What’s that horn instrument looking thing just south of where the two white lines o’ I-25 end?

I think it’s a “catwalk,” perhaps temporary at this time, running from the sand at the end of Pacific Ave. (one block south of Santa Fe Ave.) up and across the leveled to-be-I-25 over to Lincoln. Let’s look at the wider photo one more time:

during I-25 Lincoln

I don’t know when this or any following semi-permanent “catwalk” was removed. And no, I’m not 100% sure that’s the catwalk. Long, long story, but maps and aerial photos have a strange gap between about 1960 and 1990, at least via my online sources (linked above). USGS maps during this gap use the 1960 map, putting anything new (roads, subdivisions, etc.) in reddish-purple through a series of updates extending to 1985. Available aerial maps through the handy-dandy CABQ Historical Aerial Viewer cut off in 1961 until 1996.

Hence the only map verification that such a catwalk existed is an extremely faint line segment with end flares (I’m sure that’s not the name for such things) crossing I-25 in  later updates of the 1960 USGS (here 1974):

catwalk 1974
There among the topo lines…do you see it? Is it just my imagination? Blue box to help.

That’s it. That’s the “proof” there was once a bike/ped bridge, of sorts, in the Interstate quadrant of I-25 south of the Big-I.

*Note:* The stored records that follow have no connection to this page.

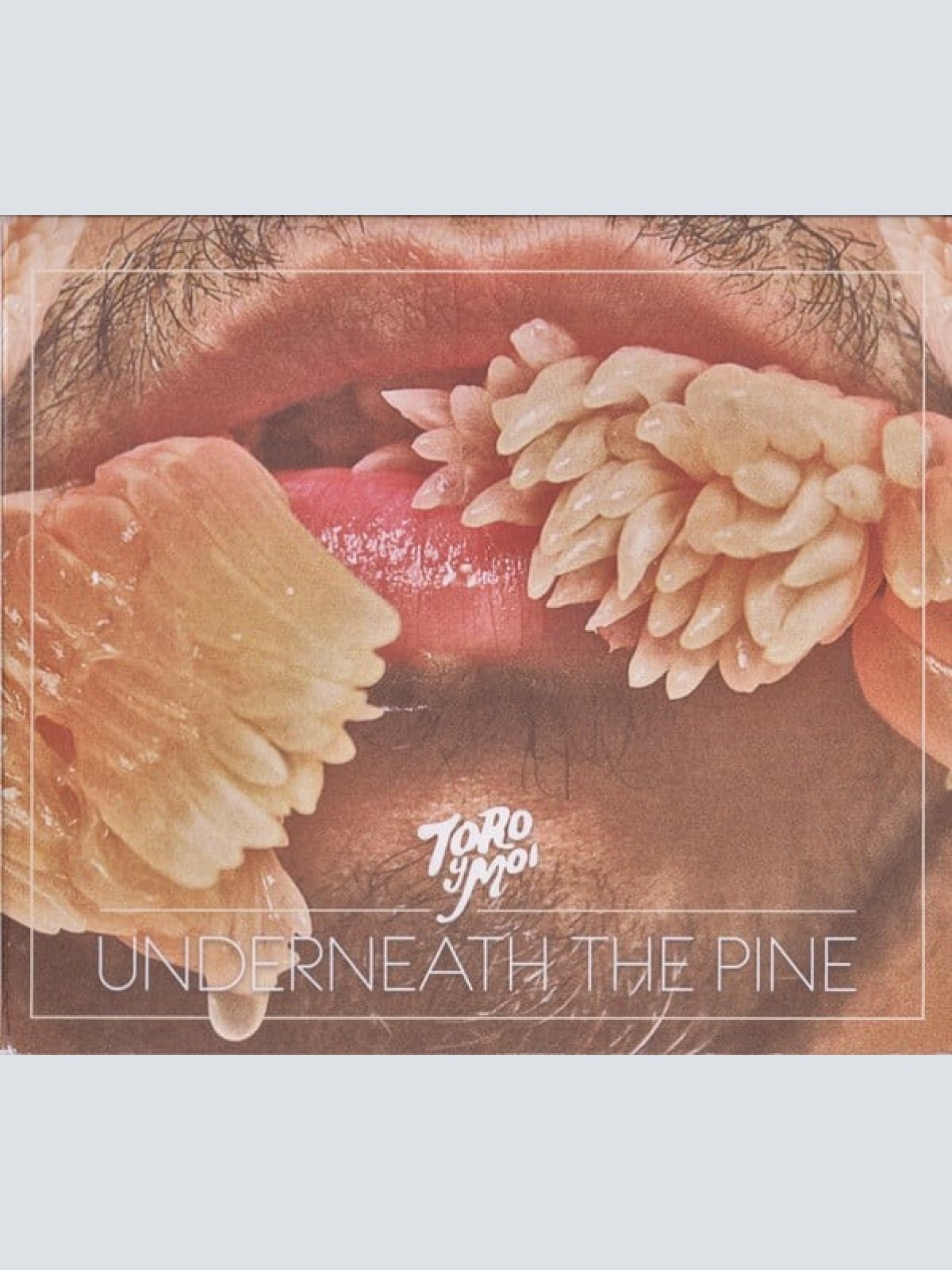CD, Album Toro Y Moi - Underneath The Pine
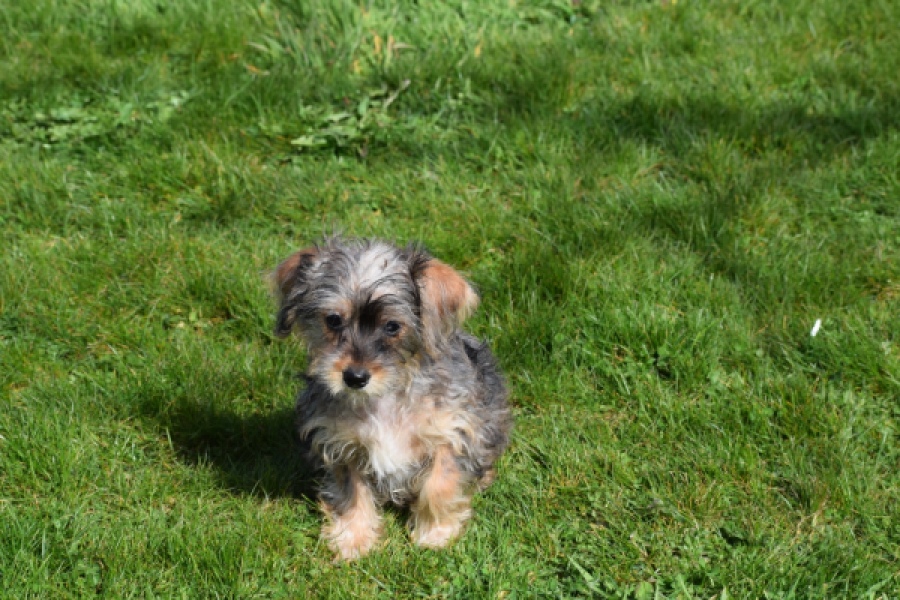 Maltipoo (reu) 68483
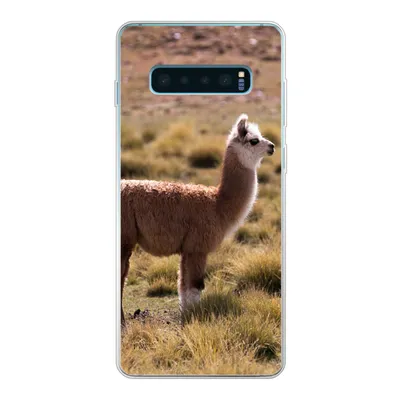 Produktbild von MuchoWow® Handyhülle Schutzhülle Hülle für Samsung Galaxy S10 Lite Alpaka - Braun - Natur Silikon Softcase Handy Hülle - Schutz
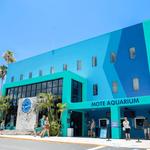 Mote Marine Laboratory & Aquarium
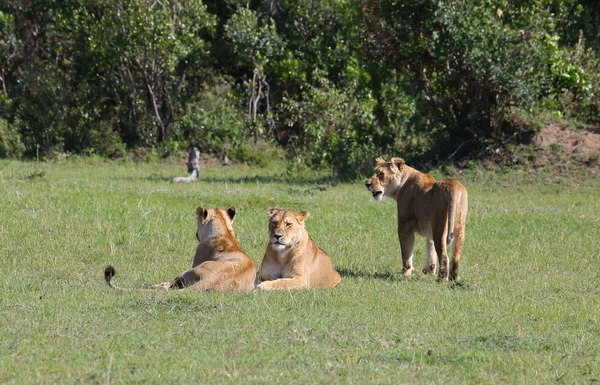 在非洲的狮子 — 图库照片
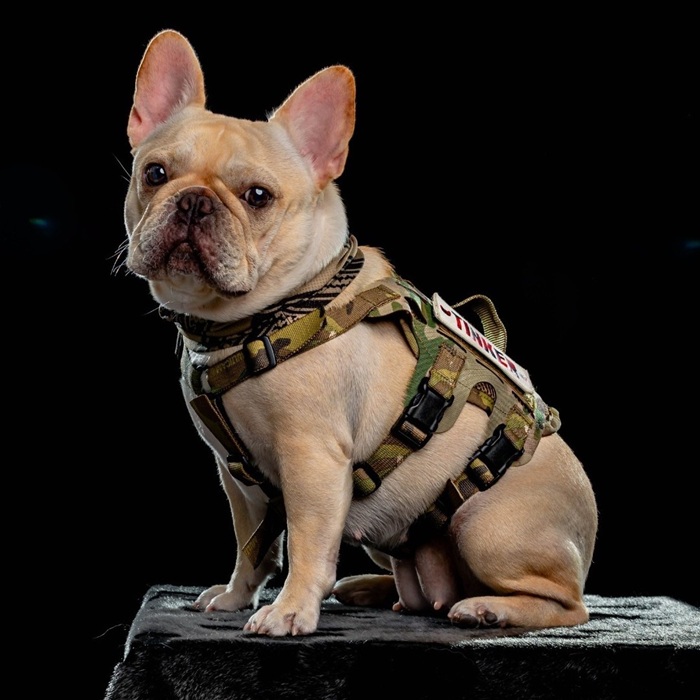 Tank Tinker ก้าวสู่โอซีซี เสริมพอร์ตธุรกิจไลฟ์สไตล์ เติมเต็มคนรักสัตว์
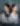 image-Bestie, I'm Sorry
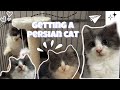 Getting a persian cat | shopee accessories haul | philippines 🇵🇭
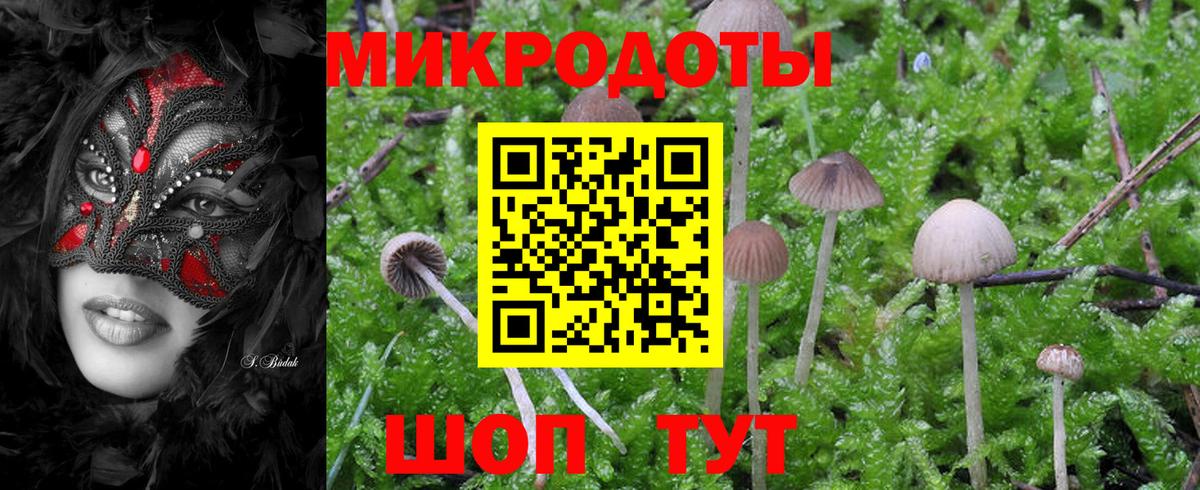 Псилоцибиновые грибы Psilocybe Новоалтайск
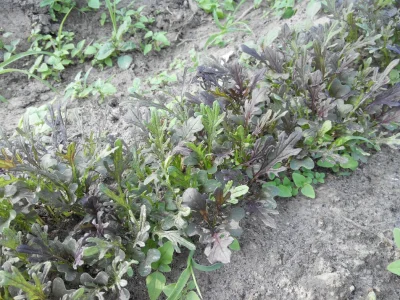 gobi12 - Kto mi rozpozna co to za sałata? :) 

#rosliny #ogrod #ogrodnictwo #warzyw...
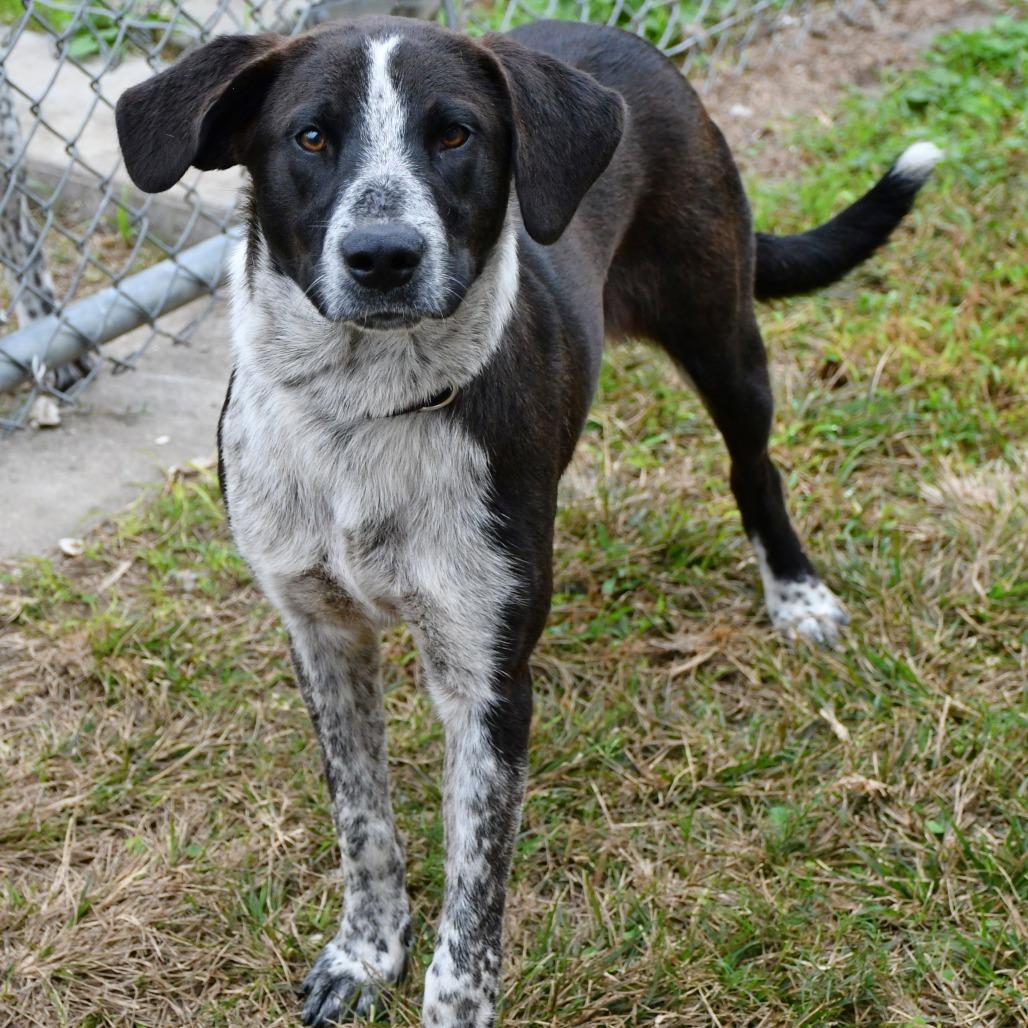 Enlarge Elroy, a Adoptable Australian Cattle Dog / Blue Heeler in Beaumont, TX image 2/4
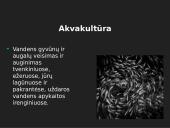 Akvakultūra bei žvejyba 8 puslapis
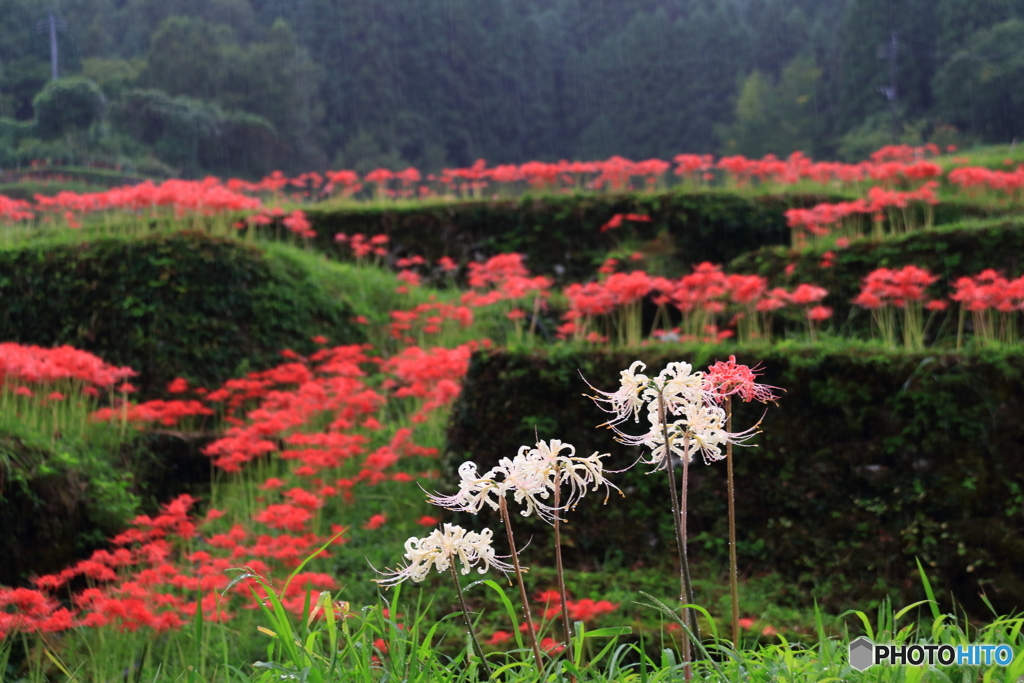 彼岸花
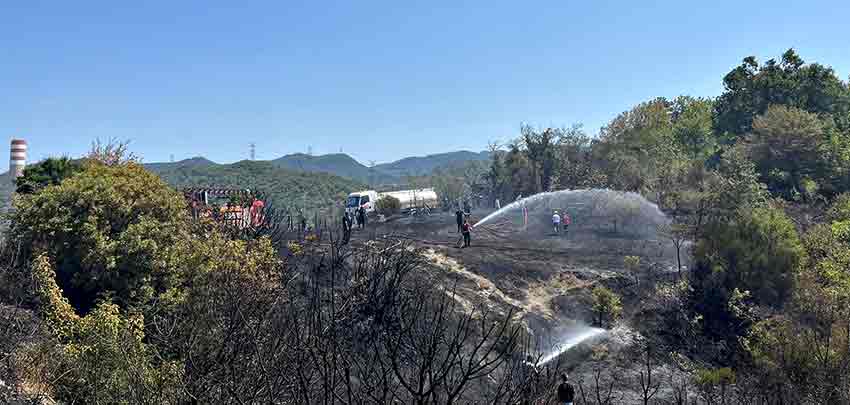 Whats App Image 2025 08 15 At 13.03.23 (1)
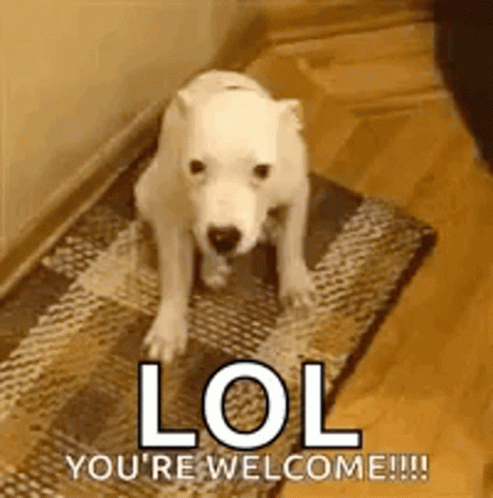 Polar Bear Puppy Standing On Rug GIF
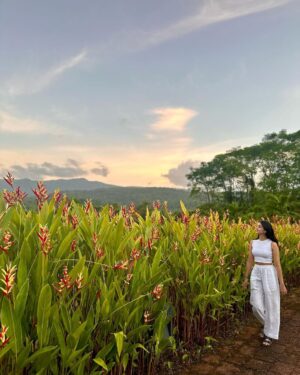 Navya Naveli Nanda Instagram - when the moment is… 💛🌷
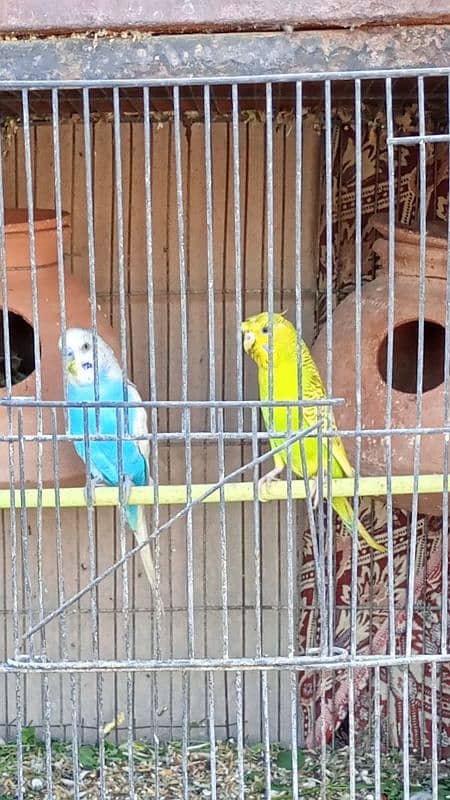 Australian Budgies pairs with chicks 2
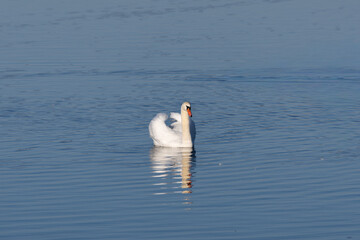 swan on the lake © Maryna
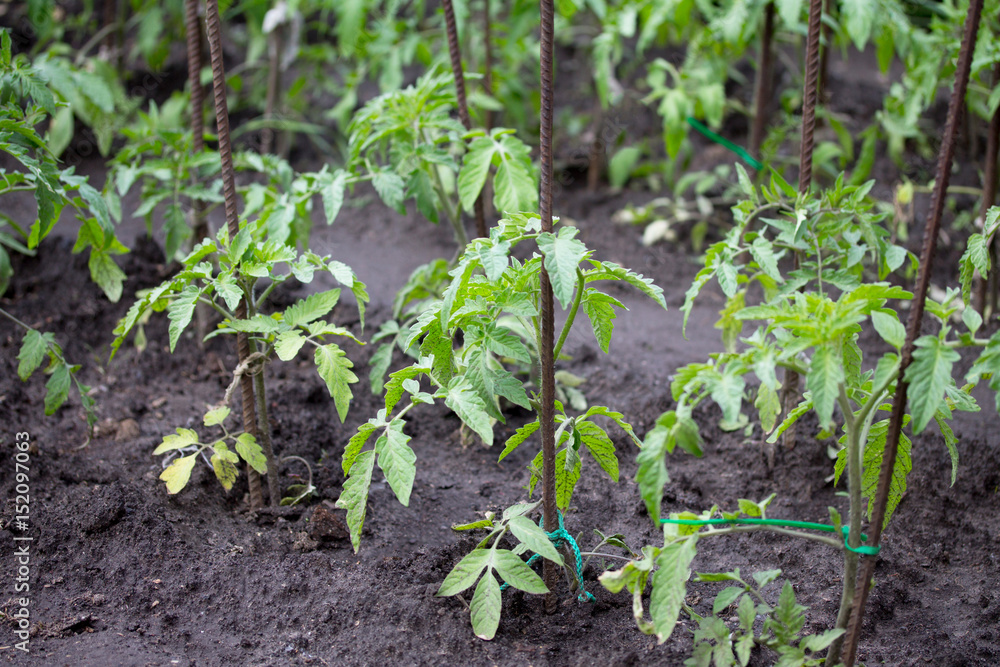 Plantation of young seedlings with tomatoes in the garden outdoors. Plantation of young seedlings with tomatoes in the garden outdoors.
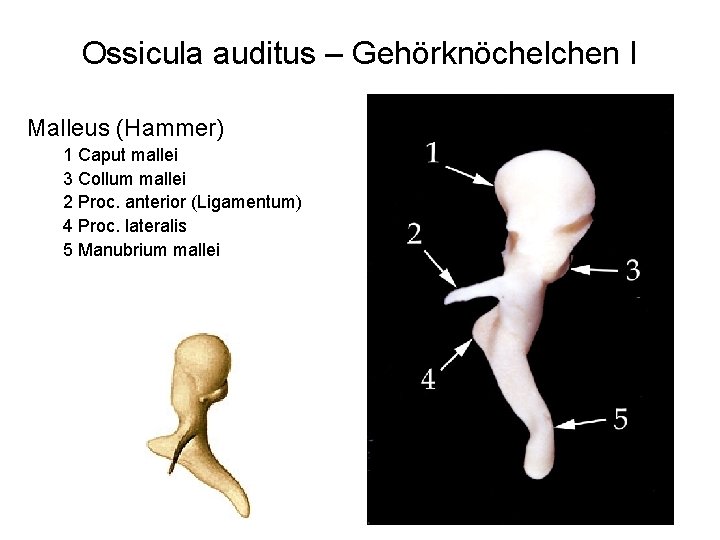 Ossicula auditus – Gehörknöchelchen I Malleus (Hammer) 1 Caput mallei 3 Collum mallei 2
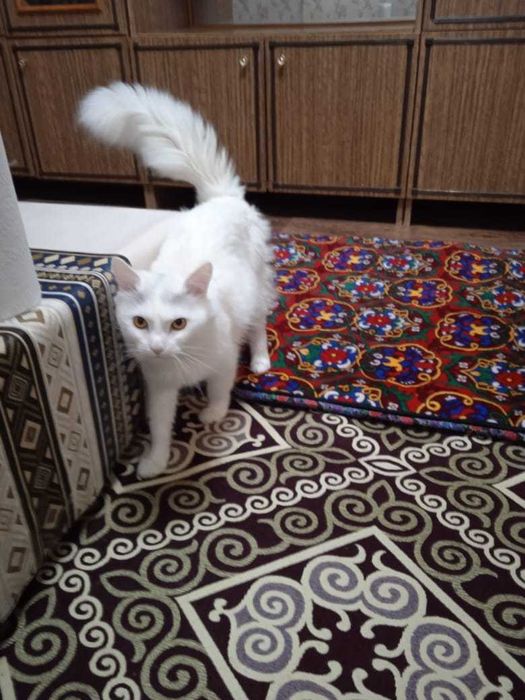 Кошке нужен дом! Срочно!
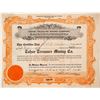 Image 1 : Tahoe Treasure Mining Co. Stock, West Shore Lake Tahoe, Cal.
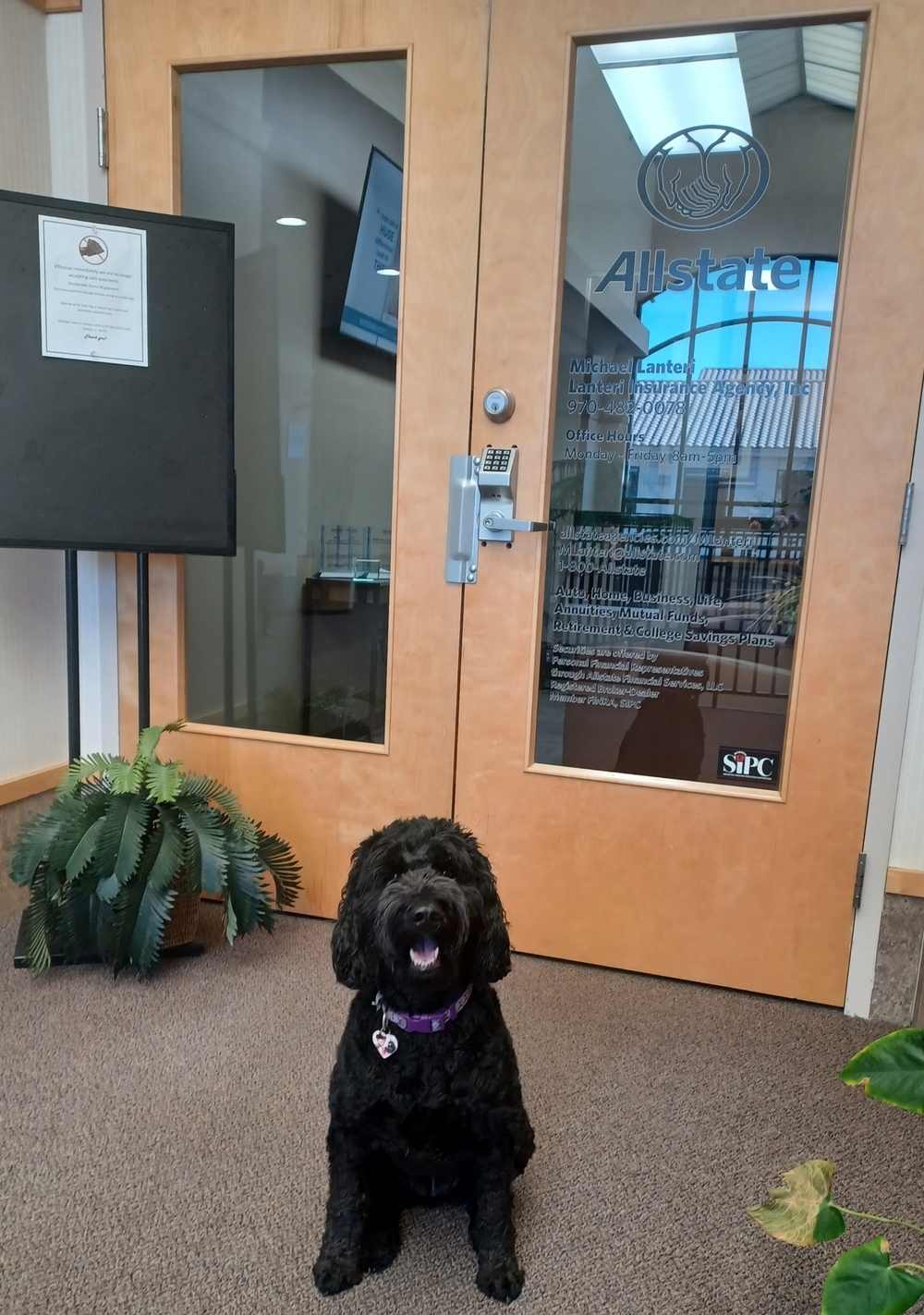 Thompson Insurance Agency: Allstate Insurance - Fort Collins, CO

Integral to my “Catwalk Mystery” has been a lack of complete data. Which, to be honest, makes such mysteries more fun. It would also be GREAT fun to hear from anyone still around who walked that catwalk to/from Lincoln Junior High and/or remembers it hanging, precariously in my imagining, above and across the roaring Interstate. My guess is there are plenty of folks who remember.

If you’re one of them, drop me a line in some manner circa-2020. Much appreciated.

pacific ave se today
Today, Pacific SE ends at some Jersey barriers, sand, a short wall, and another semi tractor-trailer hurtling down I-25.

 

 

2 thoughts on “Mystery of the “Catwalk” Over I-25 to Lincoln Junior High

  1. Well done! Thanks. These details put flesh on the Skeleton story of Albuquerque. Reference to Model Cities should attract some attention.